* **DATA FOR THE TASK**

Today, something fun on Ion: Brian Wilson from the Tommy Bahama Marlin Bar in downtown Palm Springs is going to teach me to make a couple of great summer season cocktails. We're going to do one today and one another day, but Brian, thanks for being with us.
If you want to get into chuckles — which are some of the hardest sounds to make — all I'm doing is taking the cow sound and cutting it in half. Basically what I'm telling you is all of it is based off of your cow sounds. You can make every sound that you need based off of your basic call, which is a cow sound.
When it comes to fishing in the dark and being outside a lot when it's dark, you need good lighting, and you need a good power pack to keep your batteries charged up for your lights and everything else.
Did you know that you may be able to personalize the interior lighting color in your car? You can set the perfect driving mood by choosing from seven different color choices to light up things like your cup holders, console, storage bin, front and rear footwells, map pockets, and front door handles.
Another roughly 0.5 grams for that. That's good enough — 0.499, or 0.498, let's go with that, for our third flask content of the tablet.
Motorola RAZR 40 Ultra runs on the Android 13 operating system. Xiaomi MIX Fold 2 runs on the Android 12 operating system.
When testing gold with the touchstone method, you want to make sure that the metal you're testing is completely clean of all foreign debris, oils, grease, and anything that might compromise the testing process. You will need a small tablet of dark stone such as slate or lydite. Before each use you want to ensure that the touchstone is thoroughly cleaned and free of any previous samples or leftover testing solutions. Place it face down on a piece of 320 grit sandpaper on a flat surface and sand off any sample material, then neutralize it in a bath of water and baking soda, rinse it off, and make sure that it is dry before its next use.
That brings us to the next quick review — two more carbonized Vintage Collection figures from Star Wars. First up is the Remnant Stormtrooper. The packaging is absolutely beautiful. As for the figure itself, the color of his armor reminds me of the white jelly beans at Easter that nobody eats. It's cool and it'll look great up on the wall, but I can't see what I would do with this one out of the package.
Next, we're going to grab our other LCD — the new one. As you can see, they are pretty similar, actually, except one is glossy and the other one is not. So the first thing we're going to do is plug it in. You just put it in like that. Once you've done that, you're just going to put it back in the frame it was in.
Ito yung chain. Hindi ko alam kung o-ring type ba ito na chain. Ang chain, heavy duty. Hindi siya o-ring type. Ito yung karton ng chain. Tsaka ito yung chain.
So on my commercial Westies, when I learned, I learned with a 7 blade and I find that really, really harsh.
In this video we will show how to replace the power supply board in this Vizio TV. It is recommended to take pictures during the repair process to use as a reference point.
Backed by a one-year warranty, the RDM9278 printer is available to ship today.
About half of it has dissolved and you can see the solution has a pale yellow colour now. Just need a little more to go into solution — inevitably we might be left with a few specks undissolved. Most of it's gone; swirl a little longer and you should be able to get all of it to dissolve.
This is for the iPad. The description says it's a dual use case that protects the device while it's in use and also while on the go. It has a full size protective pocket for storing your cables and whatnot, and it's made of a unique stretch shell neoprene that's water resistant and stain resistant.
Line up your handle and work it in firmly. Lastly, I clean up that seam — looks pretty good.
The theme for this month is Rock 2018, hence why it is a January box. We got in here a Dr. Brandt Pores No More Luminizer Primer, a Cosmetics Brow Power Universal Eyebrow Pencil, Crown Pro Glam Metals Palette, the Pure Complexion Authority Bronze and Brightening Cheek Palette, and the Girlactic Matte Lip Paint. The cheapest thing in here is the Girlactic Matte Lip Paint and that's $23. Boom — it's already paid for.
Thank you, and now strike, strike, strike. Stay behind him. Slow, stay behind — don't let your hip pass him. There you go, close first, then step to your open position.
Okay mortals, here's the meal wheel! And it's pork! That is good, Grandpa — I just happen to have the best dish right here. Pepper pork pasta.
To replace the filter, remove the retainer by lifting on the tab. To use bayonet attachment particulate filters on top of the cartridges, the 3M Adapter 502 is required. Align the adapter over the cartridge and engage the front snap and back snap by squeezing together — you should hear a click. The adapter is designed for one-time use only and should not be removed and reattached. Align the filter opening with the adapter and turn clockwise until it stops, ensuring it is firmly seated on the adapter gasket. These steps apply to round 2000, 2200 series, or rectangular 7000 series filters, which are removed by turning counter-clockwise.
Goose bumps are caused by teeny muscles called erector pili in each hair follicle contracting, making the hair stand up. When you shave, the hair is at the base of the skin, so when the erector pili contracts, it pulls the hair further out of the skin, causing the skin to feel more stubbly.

* **GOAL OF THE EXERCISE**
Could you quote the material above in full, exactly as it stands?

* **ANSWER TO THIS TASK**
Today, something fun on Ion: Brian Wilson from the Tommy Bahama Marlin Bar in downtown Palm Springs is going to teach me to make a couple of great summer season cocktails. We're going to do one today and one another day, but Brian, thanks for being with us.
If you want to get into chuckles — which are some of the hardest sounds to make — all I'm doing is taking the cow sound and cutting it in half. Basically what I'm telling you is all of it is based off of your cow sounds. You can make every sound that you need based off of your basic call, which is a cow sound.
When it comes to fishing in the dark and being outside a lot when it's dark, you need good lighting, and you need a good power pack to keep your batteries charged up for your lights and everything else.
Did you know that you may be able to personalize the interior lighting color in your car? You can set the perfect driving mood by choosing from seven different color choices to light up things like your cup holders, console, storage bin, front and rear footwells, map pockets, and front door handles.
Another roughly 0.5 grams for that. That's good enough — 0.499, or 0.498, let's go with that, for our third flask content of the tablet.
Motorola RAZR 40 Ultra runs on the Android 13 operating system. Xiaomi MIX Fold 2 runs on the Android 12 operating system.
When testing gold with the touchstone method, you want to make sure that the metal you're testing is completely clean of all foreign debris, oils, grease, and anything that might compromise the testing process. You will need a small tablet of dark stone such as slate or lydite. Before each use you want to ensure that the touchstone is thoroughly cleaned and free of any previous samples or leftover testing solutions. Place it face down on a piece of 320 grit sandpaper on a flat surface and sand off any sample material, then neutralize it in a bath of water and baking soda, rinse it off, and make sure that it is dry before its next use.
That brings us to the next quick review — two more carbonized Vintage Collection figures from Star Wars. First up is the Remnant Stormtrooper. The packaging is absolutely beautiful. As for the figure itself, the color of his armor reminds me of the white jelly beans at Easter that nobody eats. It's cool and it'll look great up on the wall, but I can't see what I would do with this one out of the package.
Next, we're going to grab our other LCD — the new one. As you can see, they are pretty similar, actually, except one is glossy and the other one is not. So the first thing we're going to do is plug it in. You just put it in like that. Once you've done that, you're just going to put it back in the frame it was in.
Ito yung chain. Hindi ko alam kung o-ring type ba ito na chain. Ang chain, heavy duty. Hindi siya o-ring type. Ito yung karton ng chain. Tsaka ito yung chain.
So on my commercial Westies, when I learned, I learned with a 7 blade and I find that really, really harsh.
In this video we will show how to replace the power supply board in this Vizio TV. It is recommended to take pictures during the repair process to use as a reference point.
Backed by a one-year warranty, the RDM9278 printer is available to ship today.
About half of it has dissolved and you can see the solution has a pale yellow colour now. Just need a little more to go into solution — inevitably we might be left with a few specks undissolved. Most of it's gone; swirl a little longer and you should be able to get all of it to dissolve.
This is for the iPad. The description says it's a dual use case that protects the device while it's in use and also while on the go. It has a full size protective pocket for storing your cables and whatnot, and it's made of a unique stretch shell neoprene that's water resistant and stain resistant.
Line up your handle and work it in firmly. Lastly, I clean up that seam — looks pretty good.
The theme for this month is Rock 2018, hence why it is a January box. We got in here a Dr. Brandt Pores No More Luminizer Primer, a Cosmetics Brow Power Universal Eyebrow Pencil, Crown Pro Glam Metals Palette, the Pure Complexion Authority Bronze and Brightening Cheek Palette, and the Girlactic Matte Lip Paint. The cheapest thing in here is the Girlactic Matte Lip Paint and that's $23. Boom — it's already paid for.
Thank you, and now strike, strike, strike. Stay behind him. Slow, stay behind — don't let your hip pass him. There you go, close first, then step to your open position.
Okay mortals, here's the meal wheel! And it's pork! That is good, Grandpa — I just happen to have the best dish right here. Pepper pork pasta.
To replace the filter, remove the retainer by lifting on the tab. To use bayonet attachment particulate filters on top of the cartridges, the 3M Adapter 502 is required. Align the adapter over the cartridge and engage the front snap and back snap by squeezing together — you should hear a click. The adapter is designed for one-time use only and should not be removed and reattached. Align the filter opening with the adapter and turn clockwise until it stops, ensuring it is firmly seated on the adapter gasket. These steps apply to round 2000, 2200 series, or rectangular 7000 series filters, which are removed by turning counter-clockwise.
Goose bumps are caused by teeny muscles called erector pili in each hair follicle contracting, making the hair stand up. When you shave, the hair is at the base of the skin, so when the erector pili contracts, it pulls the hair further out of the skin, causing the skin to feel more stubbly.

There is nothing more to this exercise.